* Balance sheet deteriorating
* Job cuts expected to preserve cash
* Cash could start running out around year-end
By Silvia Antonioli
LONDON, June 10 Platinum producer Lonmin
may soon need to raise capital to survive South Africa's longest
and costliest mining strike, which has paralysed its operations
and slashed its revenue.
As prospects dim for a quick resolution to the strike,
Lonmin risks running out of cash towards the end of the year,
possibly forcing it to shut up shop unless it gets a fund
injection and takes steps to save money, analysts and market
"I think they are the worst off among the producers and they
will have to get capital soon. They could do that through a
rights issue if that works," an industry source said.
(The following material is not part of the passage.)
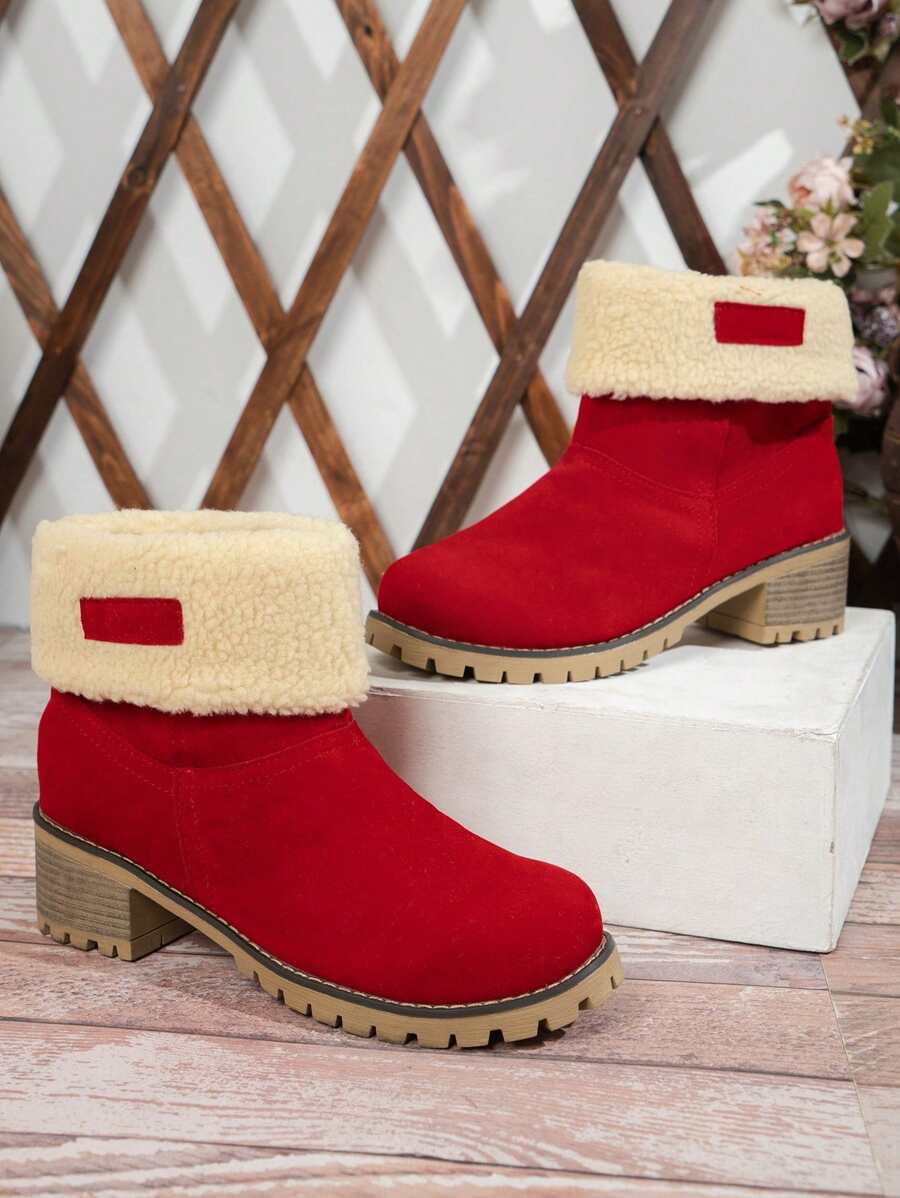 Stiefeletten-mit-warmem-Fellfutter-und-Blockabsatz,-ideal-für-einen-stilvollen-und-wärmenden-Winter-Look.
Anglo American Platinum AMSJ.J and Impala Platinum
are also suffering from the strike but Lonmin, the
smallest of the world's three top producers of the precious
metal, is vulnerable as most of its operations are in South
Africa's platinum belt.
"If they carry on the way they are they would have to start
to implement a capital injection in the next 3-4 months,"
Liberum analyst Ben Davis said.
The strike over wages, called by South Africa's main mining
union AMCU and now in its fifth month, has taken out 40 percent
of global platinum production and is tilting Africa's largest
economy into recession.
A Lonmin spokesman declined to comment for this story but
the company said last month it had lost a third of its annual
production due to the strike which the chief executive described
as a "bleeding" that might lead to the firm's death if not
stopped in time.
Hopes of quickly resolving the impasse between the
producers and South Africa's main mining union were dashed on
Monday, when the newly appointed mining minister abandoned the
deadlocked talks after failing to mediate an agreement.
The strike is estimated to have cost the three companies
18.6 billion rand ($1.8 billion) in lost revenue and employees
over 8 billion rand in wages, according to an industry web site
that constantly updates the tally. (here).
All of Lonmin's main operations are in the strike-affected
Rustenburg area and unlike its peers, it cannot rely on mines in
other areas of the country or abroad.
Even though before the strike it had the most solid
financial position among the three producers, analysts said its
balance sheet is now deteriorating more quickly than the others.
Chief Executive Ben Magara said last month the London-listed
company was losing cash at a rate of $60 million per month. At
the end March it had net cash of only $71 million, compared with
$194 million a year before.
To gain breathing space Lonmin drew down all its debt
facilities last quarter which brought the total cash in its
coffers up to $660 million. With mining operations still at a
standstill these funds will run out quickly unless steps are
Adding to the companies' problems is the muted response of
platinum prices to the heavy supply cut which they may have
hoped would make the metal more expensive.
The workers downed tools in January demanding their wages be
doubled to 12,500 rand ($1,200) a month basic wage in four years
which the companies have said is unaffordable given high
production costs. The employers are offering pay increases of up
to 10 percent.
A graph on South Africa's platinum belt output: link.reuters.com/
A timeline of platinum miners stock performance: link.reuters.com/hez89v
A rights issue is the most likely option for Lonmin and it
would not be the first time it has turned to shareholders to
shore up its financial situation.
Lonmin did one in 2012, after labour unrest and violence
that left dozens dead and battered the company's balance sheet
but it is not clear how much of an appetite there would be now.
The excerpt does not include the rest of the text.